• _Records from a collection_:
####

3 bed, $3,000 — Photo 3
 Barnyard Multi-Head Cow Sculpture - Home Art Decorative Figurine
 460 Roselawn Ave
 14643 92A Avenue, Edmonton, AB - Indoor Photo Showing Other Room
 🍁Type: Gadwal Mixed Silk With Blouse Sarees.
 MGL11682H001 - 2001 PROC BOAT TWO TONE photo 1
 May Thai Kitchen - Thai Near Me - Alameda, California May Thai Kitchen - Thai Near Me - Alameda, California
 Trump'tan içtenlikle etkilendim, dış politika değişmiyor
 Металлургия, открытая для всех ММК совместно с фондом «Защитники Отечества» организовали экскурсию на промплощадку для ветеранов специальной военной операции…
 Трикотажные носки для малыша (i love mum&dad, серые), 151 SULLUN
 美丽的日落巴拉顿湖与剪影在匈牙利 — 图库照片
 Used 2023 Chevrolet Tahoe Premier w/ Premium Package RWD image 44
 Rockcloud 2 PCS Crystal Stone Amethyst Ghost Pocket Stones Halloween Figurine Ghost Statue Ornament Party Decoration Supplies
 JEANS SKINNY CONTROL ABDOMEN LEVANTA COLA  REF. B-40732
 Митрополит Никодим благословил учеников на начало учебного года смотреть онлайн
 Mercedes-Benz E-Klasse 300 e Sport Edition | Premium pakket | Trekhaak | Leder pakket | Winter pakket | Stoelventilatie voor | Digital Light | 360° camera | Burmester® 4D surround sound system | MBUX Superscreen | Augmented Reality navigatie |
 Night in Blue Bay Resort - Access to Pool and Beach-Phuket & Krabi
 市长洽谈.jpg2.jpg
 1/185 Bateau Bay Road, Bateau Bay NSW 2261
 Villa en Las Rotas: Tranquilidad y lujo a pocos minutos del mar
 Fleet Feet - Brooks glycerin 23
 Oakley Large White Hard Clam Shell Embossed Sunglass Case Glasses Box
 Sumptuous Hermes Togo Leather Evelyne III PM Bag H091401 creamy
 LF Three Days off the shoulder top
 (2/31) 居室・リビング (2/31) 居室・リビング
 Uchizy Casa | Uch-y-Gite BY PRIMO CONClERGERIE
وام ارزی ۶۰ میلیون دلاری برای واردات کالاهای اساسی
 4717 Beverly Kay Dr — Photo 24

####

• _WHAT IS BEING ASKED_: Go through the records and count every line with the word "Premium"; the answer is the number alone.

• _EXERCISE RESULT_: 2